By continuously executing all conceivable analyses on all combinations of data dimensions, DataSite uses brute force to generate automatic insights. This enhances the analyst’s awareness of the data in the data exploration process by both choosing best practice analysis methods as well as eliminating the need for the human to perform costly calculations. The computer-generated insights are presented through a user interface element called the feed view, which streams continuously updating results from computational analyses, akin to social media feed such as on Twitter or Facebook. Each result is accompanied by a visualization that highlights the result in the context of the data items. This leads to an analytical workflow that mixes the best of human and machine intelligence.
Better Insights and User Engagement through Proactive Insights
We evaluated our approach in DataSite through two user studies of open-ended visual exploration.

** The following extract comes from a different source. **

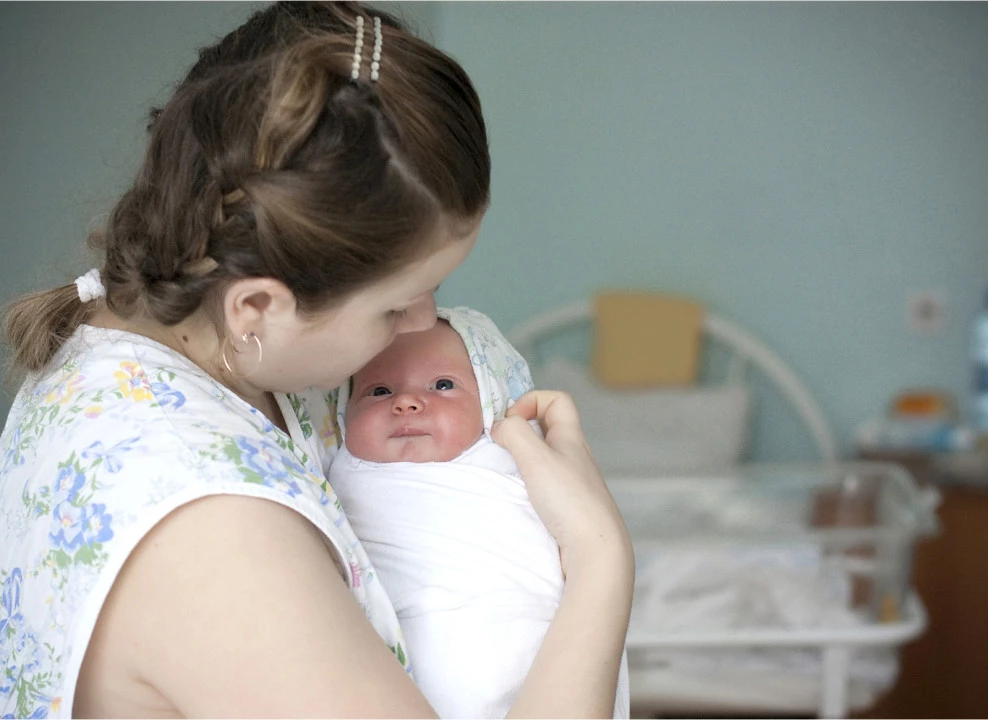 Фото: AnnaTamila | Shutterstock | Fotodom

In these studies, we compared DataSite to manual visualization (Polestar) and visualization recommendation (Voyager 2), respectively. In DataSite, we focused on standard automated analyses such as computation of statistical measures for mean, variance, and frequency of items, and standard data science methods for clustering, regression, correlation, and dimension reduction. The task for studies is the same: exploratory analysis of unknown data (also called “open-ended task”). We used 2 tools with 2 datasets (one dataset on each tool interface). Participants started with one tool and dataset, and then moved to the second interface. They were asked to explore the dataset “as much as possible” within a given time of 20 minutes and were encouraged to speak out aloud their thinking process and insights. Three major benefits of DataSite emerged from this study:
- Broader coverage: DataSite shows 30% increase in data field attribute coverage compared with Polestar. There are more multi-attribute charts (encoding two or more data attributes) that participants viewed and interacted with using DataSite than Polestar. When compared with Voyager 2, DataSite has comparable data field attribute coverage but provided more meaningful charts.
- More time spent on charts: Most participants spent at least 25% of their time on exploring the feed itself. All participants felt that the feed is useful for analysis and provides guidance of “where to look” in the data.
- Better subjective ratings: People rated DataSite more efficient and comprehensive than Polestar and Voyager 2.
The Future of Proactive Analytics
DataSite can be seen as a canonical visual analytics system in that it blends automatic computations with manual visual exploration. We regard it as the first step towards a fully proactive visualization system involving explicit human feedback in the loop, such as tasks people are doing, data attributes people care about, and advanced analysis people want to dive into. Besides, inferential statistics and user behavior based recommendations can also be integrated to provide user-guided recommendations of insights. A truly intelligent visual analysis system would leverage possible feedback from user and computational power from the computer to present easily understanding and interpretable insights.